**Problem requirements**:
The stretch wanted below opens at the line containing "AR-BMW-0178 Rear Window" and closes at the line containing "[NOVELA] BEBÉ ACCIDENTAL". Please return it exactly, with no other lines.
((
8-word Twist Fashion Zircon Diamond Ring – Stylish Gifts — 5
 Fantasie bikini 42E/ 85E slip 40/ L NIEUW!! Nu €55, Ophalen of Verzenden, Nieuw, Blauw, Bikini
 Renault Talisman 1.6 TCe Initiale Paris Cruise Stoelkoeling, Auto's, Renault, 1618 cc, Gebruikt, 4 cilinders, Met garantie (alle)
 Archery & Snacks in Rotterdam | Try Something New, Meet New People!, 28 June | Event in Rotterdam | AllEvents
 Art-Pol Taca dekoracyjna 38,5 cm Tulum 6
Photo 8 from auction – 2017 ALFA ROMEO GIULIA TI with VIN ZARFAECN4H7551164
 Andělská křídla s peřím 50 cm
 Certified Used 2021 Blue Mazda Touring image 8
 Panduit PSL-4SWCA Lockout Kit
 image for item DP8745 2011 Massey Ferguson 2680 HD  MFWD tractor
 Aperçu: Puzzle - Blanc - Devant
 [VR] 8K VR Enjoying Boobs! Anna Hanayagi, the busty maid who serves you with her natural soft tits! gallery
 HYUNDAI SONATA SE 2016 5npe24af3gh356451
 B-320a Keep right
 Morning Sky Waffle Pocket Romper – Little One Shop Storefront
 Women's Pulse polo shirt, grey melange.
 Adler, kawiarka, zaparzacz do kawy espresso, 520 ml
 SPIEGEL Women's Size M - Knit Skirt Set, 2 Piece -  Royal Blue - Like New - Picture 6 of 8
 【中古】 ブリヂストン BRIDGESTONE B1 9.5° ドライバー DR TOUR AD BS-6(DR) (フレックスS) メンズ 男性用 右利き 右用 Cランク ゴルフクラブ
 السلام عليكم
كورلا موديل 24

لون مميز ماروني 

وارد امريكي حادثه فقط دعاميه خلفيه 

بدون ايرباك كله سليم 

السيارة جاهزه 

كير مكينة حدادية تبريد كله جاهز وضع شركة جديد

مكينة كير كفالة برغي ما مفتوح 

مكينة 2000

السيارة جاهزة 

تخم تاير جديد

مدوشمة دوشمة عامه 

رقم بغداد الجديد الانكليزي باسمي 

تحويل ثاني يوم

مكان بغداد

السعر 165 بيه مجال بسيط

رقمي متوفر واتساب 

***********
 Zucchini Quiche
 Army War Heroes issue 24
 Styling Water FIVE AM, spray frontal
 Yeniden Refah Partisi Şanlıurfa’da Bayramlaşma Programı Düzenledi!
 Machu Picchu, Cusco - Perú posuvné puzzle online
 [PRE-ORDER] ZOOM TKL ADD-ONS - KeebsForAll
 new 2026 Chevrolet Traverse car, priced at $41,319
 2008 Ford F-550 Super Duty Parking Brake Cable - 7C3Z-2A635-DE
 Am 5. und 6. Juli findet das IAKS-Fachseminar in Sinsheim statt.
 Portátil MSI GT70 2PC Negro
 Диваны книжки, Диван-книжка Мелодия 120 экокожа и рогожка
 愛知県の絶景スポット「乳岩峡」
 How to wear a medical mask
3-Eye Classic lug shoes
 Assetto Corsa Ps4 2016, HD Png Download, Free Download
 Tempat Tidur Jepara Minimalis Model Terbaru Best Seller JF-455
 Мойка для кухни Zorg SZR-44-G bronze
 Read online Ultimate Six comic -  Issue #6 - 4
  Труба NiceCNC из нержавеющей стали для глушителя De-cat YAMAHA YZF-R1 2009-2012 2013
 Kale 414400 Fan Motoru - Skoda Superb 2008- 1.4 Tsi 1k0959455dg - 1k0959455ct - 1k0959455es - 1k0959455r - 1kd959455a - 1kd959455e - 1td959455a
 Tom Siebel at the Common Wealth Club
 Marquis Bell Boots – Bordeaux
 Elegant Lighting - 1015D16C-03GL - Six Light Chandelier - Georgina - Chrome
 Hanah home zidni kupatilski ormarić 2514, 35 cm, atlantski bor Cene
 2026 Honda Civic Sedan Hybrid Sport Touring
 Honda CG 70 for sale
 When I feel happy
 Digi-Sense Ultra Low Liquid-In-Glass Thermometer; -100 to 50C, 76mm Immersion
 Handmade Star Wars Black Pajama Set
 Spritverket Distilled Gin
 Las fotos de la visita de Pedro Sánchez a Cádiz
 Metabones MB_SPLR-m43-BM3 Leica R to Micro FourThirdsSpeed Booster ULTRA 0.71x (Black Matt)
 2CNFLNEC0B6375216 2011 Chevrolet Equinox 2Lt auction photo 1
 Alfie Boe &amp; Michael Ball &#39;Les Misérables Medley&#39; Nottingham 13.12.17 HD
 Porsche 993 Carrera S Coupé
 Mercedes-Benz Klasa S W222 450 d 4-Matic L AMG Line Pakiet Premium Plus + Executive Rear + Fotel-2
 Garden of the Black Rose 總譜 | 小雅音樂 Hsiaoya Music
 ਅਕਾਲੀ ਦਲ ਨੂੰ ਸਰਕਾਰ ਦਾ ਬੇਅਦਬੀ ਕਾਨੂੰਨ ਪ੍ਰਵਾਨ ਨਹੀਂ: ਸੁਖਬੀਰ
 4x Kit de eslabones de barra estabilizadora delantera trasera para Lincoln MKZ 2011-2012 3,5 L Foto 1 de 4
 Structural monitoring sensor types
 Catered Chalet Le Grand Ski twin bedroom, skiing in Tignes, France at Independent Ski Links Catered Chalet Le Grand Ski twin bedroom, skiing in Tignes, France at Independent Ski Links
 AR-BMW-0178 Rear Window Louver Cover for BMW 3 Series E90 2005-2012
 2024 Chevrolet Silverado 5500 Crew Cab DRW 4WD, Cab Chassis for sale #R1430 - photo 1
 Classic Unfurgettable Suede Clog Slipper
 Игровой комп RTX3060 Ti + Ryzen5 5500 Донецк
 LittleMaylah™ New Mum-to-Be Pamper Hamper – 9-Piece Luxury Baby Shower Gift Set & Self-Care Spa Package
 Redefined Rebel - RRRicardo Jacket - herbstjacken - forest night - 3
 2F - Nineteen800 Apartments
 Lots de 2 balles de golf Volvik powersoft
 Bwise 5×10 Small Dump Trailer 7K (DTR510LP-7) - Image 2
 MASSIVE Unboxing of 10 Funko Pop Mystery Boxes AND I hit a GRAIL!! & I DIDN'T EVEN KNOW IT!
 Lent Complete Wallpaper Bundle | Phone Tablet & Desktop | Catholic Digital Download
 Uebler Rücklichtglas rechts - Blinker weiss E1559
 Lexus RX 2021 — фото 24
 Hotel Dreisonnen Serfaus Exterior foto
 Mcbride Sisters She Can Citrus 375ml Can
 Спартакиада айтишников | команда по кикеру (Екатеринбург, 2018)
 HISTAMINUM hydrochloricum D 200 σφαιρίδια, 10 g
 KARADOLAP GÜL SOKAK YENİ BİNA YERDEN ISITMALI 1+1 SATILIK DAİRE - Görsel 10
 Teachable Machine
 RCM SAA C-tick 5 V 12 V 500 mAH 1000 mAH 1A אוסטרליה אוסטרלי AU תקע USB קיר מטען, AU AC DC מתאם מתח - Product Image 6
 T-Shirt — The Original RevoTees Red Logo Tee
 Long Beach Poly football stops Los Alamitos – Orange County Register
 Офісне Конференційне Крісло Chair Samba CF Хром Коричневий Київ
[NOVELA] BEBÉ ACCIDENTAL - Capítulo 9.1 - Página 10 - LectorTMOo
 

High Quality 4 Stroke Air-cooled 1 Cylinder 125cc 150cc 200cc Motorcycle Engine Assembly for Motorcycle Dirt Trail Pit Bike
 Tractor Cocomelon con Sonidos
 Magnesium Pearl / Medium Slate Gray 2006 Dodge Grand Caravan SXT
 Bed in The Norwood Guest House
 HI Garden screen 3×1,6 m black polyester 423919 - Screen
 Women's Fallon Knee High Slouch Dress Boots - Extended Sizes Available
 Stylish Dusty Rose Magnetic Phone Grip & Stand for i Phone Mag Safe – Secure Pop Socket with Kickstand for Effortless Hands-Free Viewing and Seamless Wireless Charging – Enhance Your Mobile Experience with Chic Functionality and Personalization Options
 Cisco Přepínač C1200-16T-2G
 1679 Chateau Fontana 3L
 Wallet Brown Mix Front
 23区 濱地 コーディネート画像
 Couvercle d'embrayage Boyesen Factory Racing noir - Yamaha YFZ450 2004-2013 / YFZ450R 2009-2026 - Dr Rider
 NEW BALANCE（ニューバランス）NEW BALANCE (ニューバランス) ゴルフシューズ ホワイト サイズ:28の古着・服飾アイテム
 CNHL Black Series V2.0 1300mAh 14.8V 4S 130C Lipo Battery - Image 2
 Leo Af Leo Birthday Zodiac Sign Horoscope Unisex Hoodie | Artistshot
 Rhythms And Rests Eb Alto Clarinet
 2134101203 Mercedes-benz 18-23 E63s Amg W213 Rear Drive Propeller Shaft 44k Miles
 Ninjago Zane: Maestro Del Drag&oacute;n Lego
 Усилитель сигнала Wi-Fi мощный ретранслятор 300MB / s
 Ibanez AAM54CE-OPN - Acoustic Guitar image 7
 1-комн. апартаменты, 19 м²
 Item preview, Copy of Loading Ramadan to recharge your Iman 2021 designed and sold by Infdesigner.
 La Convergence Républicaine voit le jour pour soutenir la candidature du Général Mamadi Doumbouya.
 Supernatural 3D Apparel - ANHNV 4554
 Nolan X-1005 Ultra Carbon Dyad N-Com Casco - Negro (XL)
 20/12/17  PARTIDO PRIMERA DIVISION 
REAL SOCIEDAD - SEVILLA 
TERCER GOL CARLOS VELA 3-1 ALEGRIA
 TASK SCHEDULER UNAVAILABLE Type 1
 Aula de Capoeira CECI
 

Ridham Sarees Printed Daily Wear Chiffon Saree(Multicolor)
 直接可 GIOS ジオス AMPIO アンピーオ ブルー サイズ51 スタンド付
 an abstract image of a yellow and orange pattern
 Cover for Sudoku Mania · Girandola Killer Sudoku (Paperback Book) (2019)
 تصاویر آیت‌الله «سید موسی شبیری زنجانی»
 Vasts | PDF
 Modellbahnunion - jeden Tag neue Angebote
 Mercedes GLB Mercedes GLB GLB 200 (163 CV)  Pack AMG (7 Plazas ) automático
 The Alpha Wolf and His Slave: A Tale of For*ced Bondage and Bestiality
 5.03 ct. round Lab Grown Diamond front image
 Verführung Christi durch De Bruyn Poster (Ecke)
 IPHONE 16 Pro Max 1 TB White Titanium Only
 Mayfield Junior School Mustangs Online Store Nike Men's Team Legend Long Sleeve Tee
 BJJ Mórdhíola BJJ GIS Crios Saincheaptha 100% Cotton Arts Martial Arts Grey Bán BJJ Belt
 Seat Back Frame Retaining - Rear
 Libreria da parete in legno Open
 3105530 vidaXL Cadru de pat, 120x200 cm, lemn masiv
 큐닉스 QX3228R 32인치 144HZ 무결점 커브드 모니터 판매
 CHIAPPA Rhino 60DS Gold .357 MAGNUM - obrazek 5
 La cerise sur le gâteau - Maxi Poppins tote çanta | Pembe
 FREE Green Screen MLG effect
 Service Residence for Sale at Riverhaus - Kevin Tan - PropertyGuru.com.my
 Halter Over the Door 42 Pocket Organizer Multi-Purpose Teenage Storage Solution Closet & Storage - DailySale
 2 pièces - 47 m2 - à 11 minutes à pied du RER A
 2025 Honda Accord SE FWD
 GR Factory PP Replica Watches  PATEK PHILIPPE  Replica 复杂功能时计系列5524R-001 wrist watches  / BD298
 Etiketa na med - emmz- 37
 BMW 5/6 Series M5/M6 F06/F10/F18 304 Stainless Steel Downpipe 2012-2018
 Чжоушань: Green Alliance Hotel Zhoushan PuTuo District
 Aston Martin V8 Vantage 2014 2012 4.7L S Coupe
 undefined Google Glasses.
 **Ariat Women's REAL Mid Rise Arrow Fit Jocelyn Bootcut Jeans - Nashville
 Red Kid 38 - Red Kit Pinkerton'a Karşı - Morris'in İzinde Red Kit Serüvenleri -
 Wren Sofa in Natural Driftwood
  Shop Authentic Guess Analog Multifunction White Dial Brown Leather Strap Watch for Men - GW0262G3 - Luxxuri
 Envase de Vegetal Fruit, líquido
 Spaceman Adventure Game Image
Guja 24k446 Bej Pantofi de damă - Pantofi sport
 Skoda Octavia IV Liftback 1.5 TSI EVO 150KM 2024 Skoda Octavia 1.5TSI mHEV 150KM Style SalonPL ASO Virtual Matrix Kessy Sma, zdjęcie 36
))
**Response**:
 AR-BMW-0178 Rear Window Louver Cover for BMW 3 Series E90 2005-2012
 2024 Chevrolet Silverado 5500 Crew Cab DRW 4WD, Cab Chassis for sale #R1430 - photo 1
 Classic Unfurgettable Suede Clog Slipper
 Игровой комп RTX3060 Ti + Ryzen5 5500 Донецк
 LittleMaylah™ New Mum-to-Be Pamper Hamper – 9-Piece Luxury Baby Shower Gift Set & Self-Care Spa Package
 Redefined Rebel - RRRicardo Jacket - herbstjacken - forest night - 3
 2F - Nineteen800 Apartments
 Lots de 2 balles de golf Volvik powersoft
 Bwise 5×10 Small Dump Trailer 7K (DTR510LP-7) - Image 2
 MASSIVE Unboxing of 10 Funko Pop Mystery Boxes AND I hit a GRAIL!! & I DIDN'T EVEN KNOW IT!
 Lent Complete Wallpaper Bundle | Phone Tablet & Desktop | Catholic Digital Download
 Uebler Rücklichtglas rechts - Blinker weiss E1559
 Lexus RX 2021 — фото 24
 Hotel Dreisonnen Serfaus Exterior foto
 Mcbride Sisters She Can Citrus 375ml Can
 Спартакиада айтишников | команда по кикеру (Екатеринбург, 2018)
 HISTAMINUM hydrochloricum D 200 σφαιρίδια, 10 g
 KARADOLAP GÜL SOKAK YENİ BİNA YERDEN ISITMALI 1+1 SATILIK DAİRE - Görsel 10
 Teachable Machine
 RCM SAA C-tick 5 V 12 V 500 mAH 1000 mAH 1A אוסטרליה אוסטרלי AU תקע USB קיר מטען, AU AC DC מתאם מתח - Product Image 6
 T-Shirt — The Original RevoTees Red Logo Tee
 Long Beach Poly football stops Los Alamitos – Orange County Register
 Офісне Конференційне Крісло Chair Samba CF Хром Коричневий Київ
[NOVELA] BEBÉ ACCIDENTAL - Capítulo 9.1 - Página 10 - LectorTMOo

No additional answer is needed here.